By Victor Jack and William Schomberg
(Reuters) – In online chats to his 132,000 young followers, 19-year-old British social media influencer Joshua Gausden is focusing more on inflation as energy prices surge and the global economy hits bottlenecks.
Most young people do not share the concerns of their parents and grand-parents who remember the runaway inflation of the 1970s and 1980s, even as prices in Britain and around the world are rising sharply.
“I feel like a lot of young people don’t think about this stuff,” Gausden, who is currently studying for a degree in finance, said. “But they are starting to now.”
Inflation in Britain has averaged 2% over the past 20 years but now looks set to top 4% at least, more than double the Bank of England’s target. Some economists think it could go as high as 5% or 6% given the recent surge in global energy prices.
While that is nowhere near 1970s levels and is likely to prove less stubborn, Gausden thinks young people should learn from their elders about its corrosive power that threatens to hit them particularly hard. Many are low paid and less able to cope with higher energy bills.
The younger generation also lack the protections that older people have from owning their own homes and their pensions.
“They’re not going to see the effects of inflation until it’s too late,” said Gausden. “But they are starting to now.”
Older people are increasingly predicting higher prices in the 12 months ahead, but expectations among 19-24 year-olds in September remained unchanged from a year earlier, according to data from polling firm GfK.
The worries among older people may reflect how Britain was one of the big world economies hardest hit by the early 1970s oil shock that sent its inflation up to 25% by 1975, a traumatic era for millions of households left wondering whether they would have enough to pay fuel and mortgage bills.
For today’s younger generation, that seems like ancient history.
Andrew McEvoy, 22, an apprentice at an Airbus wing factory near his home close to Liverpool, said only a few of his friends were aware of rising inflation although, by contrast, he is investing now to protect the value of his savings.
“Maybe we’re more unaware, as a generation, of the information around that and what we can do to help ourselves, which is obviously not good because there’s going to be a lot of people who are getting impacted by it,” he said.
TRANSITORY-ISH
Like other central banks, the BoE predicts the rise in inflation will be transitory.
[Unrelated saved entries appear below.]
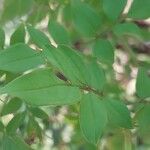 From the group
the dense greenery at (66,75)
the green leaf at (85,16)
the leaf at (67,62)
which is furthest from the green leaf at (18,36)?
the leaf at (67,62)

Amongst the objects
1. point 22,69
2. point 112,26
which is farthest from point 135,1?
point 22,69

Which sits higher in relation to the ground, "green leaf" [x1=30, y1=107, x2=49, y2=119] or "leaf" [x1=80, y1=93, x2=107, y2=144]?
"leaf" [x1=80, y1=93, x2=107, y2=144]

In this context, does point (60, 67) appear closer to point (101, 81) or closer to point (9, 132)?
point (101, 81)

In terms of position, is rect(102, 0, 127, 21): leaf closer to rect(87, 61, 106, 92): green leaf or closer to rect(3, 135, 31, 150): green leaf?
rect(87, 61, 106, 92): green leaf

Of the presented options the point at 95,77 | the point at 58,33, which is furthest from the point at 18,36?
the point at 95,77

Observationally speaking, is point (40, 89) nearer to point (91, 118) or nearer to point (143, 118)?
point (91, 118)

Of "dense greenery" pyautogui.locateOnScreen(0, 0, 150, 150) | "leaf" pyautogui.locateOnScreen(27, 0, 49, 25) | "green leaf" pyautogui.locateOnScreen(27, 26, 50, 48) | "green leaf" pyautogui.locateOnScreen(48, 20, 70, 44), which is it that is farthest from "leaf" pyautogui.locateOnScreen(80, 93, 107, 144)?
"leaf" pyautogui.locateOnScreen(27, 0, 49, 25) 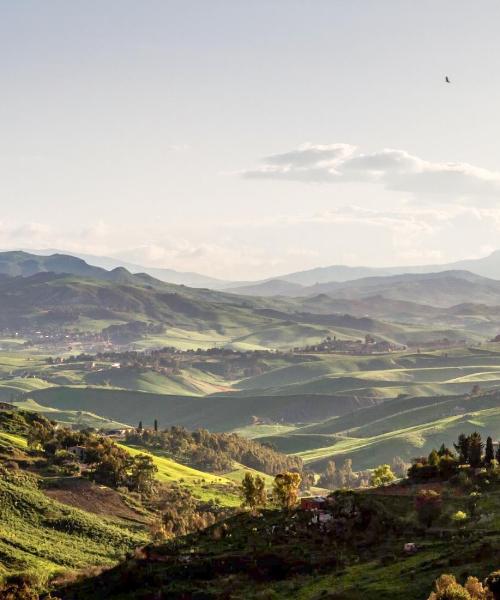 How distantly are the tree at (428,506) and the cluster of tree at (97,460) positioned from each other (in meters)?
83.2

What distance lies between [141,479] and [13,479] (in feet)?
108

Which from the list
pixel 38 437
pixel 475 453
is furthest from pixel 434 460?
pixel 38 437

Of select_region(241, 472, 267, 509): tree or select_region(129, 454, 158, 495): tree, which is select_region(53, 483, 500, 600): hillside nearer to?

A rise to 5% after the global financial crisis a decade ago faded quickly and policymakers say there is little risk of a 1970s price-wage spiral.
But BoE officials concede that the inflation jump is likely to last longer than they previously thought.
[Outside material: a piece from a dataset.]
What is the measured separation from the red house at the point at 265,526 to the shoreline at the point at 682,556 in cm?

Angus Hanton, an economist who co-founded the Intergenerational Foundation, which campaigns for younger people’s economic interests, said the older generations had an edge when it came to protecting their finances.
“Compared to oldies like me, younger people haven’t had the experience of inflation so they don’t know the tricks of the trade,” Hanton, 61, said.
They included minimising cash balances, taking the likely path of inflation into account when making wage demands and making sure pay deals can be renegotiated regularly.
“Because it happened at a formative time of my life, it’s just instinctive for me,” Hanton said.
As for the government, he said, it should raise taxes on wealth which is largely held by older people, for example via a levy on windfall profits from home sales. That would reduce the burden of taxes paid by working people on their incomes, he said.
But rather than fall, work taxes are set to rise with an increase in social security contributions in April which will help to pay for social care provided typically to older people who have also benefited from generous pension increases.
Another hit for many young people could come from a reported plan by the government to lower the earnings threshold at which student loans must be repaid.
Hanton said the government should carry out an intergenerational assessment of the impact of all policy changes, something already done for the environment.
“Young people have enough to deal with as it is and now we’re throwing in a whole new dimension,” he said.